Structured Settlement Annuities

Structured settlement annuities provide injured clients with guaranteed, tax-exempt future payments. At the outset, the payment structure is extremely flexible and can be designed to fund future goals (i.e. college or retirement) or can be used to provide lifelong income. Seriously injured clients seeking a lifetime payment can also benefit from a “rated age,” which serves to increase the payout per premium dollar. For many clients, structured settlement annuities provide much needed dissipation protection, guaranteed income and financial stability.

However, they are not without their drawbacks. While structured settlement annuities are flexible in design, they are impossible to change once established. A structured settlement may have a value of hundreds of thousands of dollars, but the client will only be able to access the scheduled disbursements. A client with a large amount of inaccessible money can easily become frustrated. This can increase the risk that a client will feel a need to sell future payments, usually at a dramatically discounted return for the client.

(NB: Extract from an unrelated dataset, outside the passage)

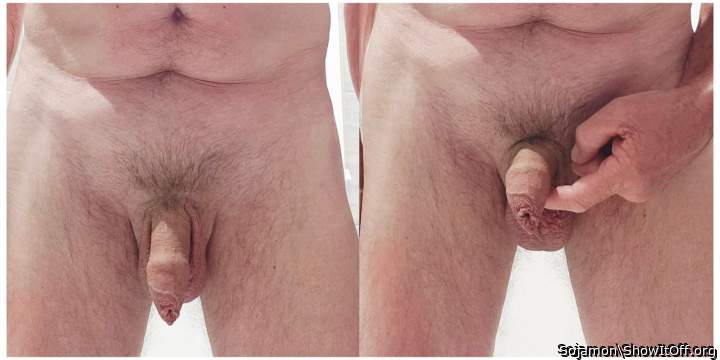 My foreskin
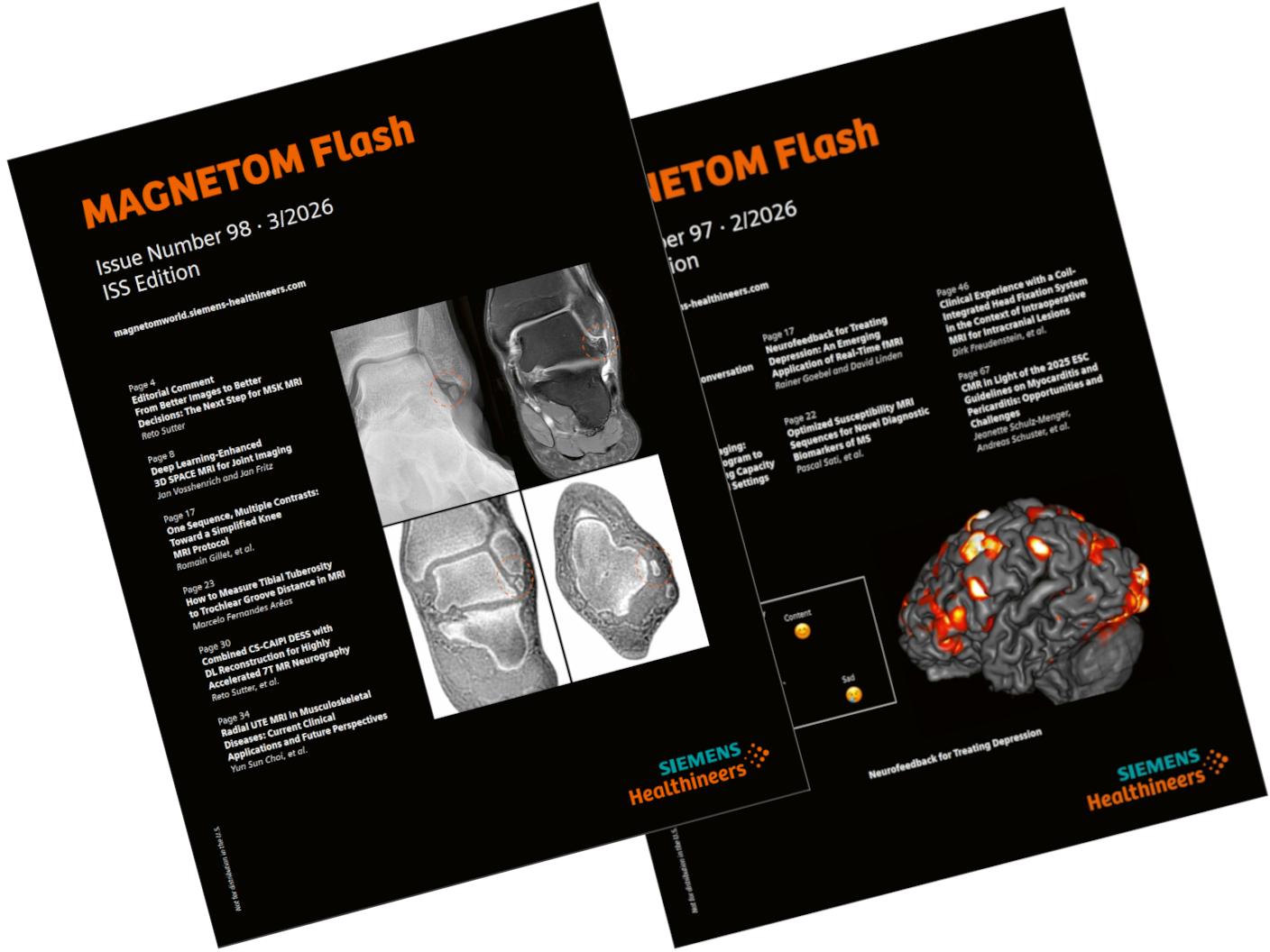 MAGNETOM Flash<br /><br />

Also, annuity payments are guaranteed by the annuity companies that offer them, and thus are only as solid as the company backing them. While the risk of annuity company insolvency is usually small, it is not zero. Most annuity companies in the structured settlement market are rated A+ or better with AM Best. An attorney should verify the financial security of the company servicing any proffered structured settlement annuity.

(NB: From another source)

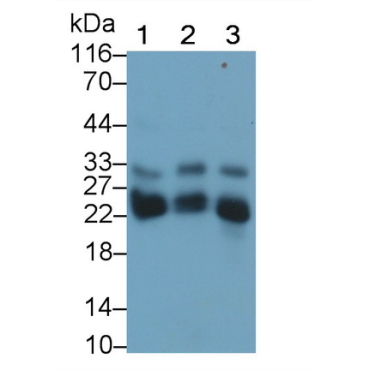 Cathepsin B (CTSB) Human Monoclonal Antibody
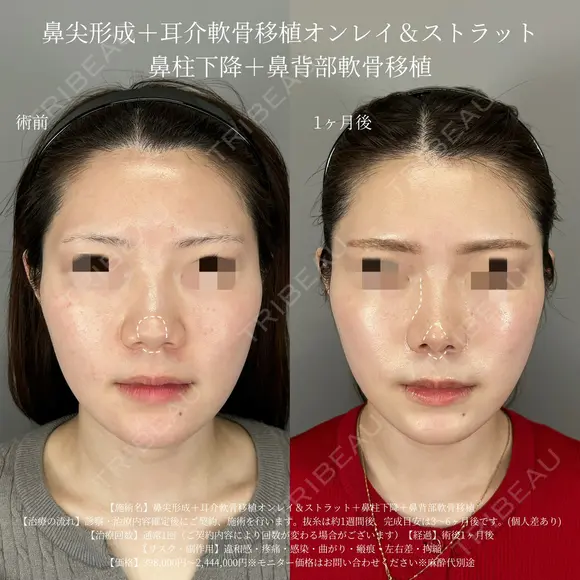 鼻尖形成・軟骨移植・鼻背部軟骨移植・鼻柱下降術 before画像 メイン用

A skilled settlement-planning attorney may be helpful in creating custom solutions that merge some of the benefits of one or more of the four options. For example, a structured settlement annuity can pay directly into a trust, allowing settlement money to grow tax-free inside the annuity while taking advantage of the liquidity of a trust. Structuring into a trust also makes it impossible for the client to factor the future payments because the trust, not the injured client, is the payee of the annuity.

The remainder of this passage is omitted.